_REQUIREMENT_
Can you copy the lines from the one that contains "Image of John Deere 644H equipment image 1" through the end of the material below, exactly and with nothing else?

##### SOURCE RECORDS

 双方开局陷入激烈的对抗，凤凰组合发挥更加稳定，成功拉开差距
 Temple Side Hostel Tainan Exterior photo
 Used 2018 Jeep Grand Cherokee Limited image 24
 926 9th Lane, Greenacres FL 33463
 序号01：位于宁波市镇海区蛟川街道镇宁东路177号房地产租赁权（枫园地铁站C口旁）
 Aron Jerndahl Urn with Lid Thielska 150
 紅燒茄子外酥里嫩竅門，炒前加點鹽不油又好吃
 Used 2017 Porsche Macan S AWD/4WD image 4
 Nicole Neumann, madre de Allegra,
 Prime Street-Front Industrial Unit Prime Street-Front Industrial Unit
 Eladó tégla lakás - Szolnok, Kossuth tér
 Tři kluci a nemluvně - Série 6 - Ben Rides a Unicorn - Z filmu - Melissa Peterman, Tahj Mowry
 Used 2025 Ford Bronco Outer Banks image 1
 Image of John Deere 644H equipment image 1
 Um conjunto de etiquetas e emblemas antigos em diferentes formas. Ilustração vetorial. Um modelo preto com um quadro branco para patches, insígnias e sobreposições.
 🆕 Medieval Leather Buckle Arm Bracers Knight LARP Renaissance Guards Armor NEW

##########

_WRITTEN SOLUTION_
 Image of John Deere 644H equipment image 1
 Um conjunto de etiquetas e emblemas antigos em diferentes formas. Ilustração vetorial. Um modelo preto com um quadro branco para patches, insígnias e sobreposições.
 🆕 Medieval Leather Buckle Arm Bracers Knight LARP Renaissance Guards Armor NEW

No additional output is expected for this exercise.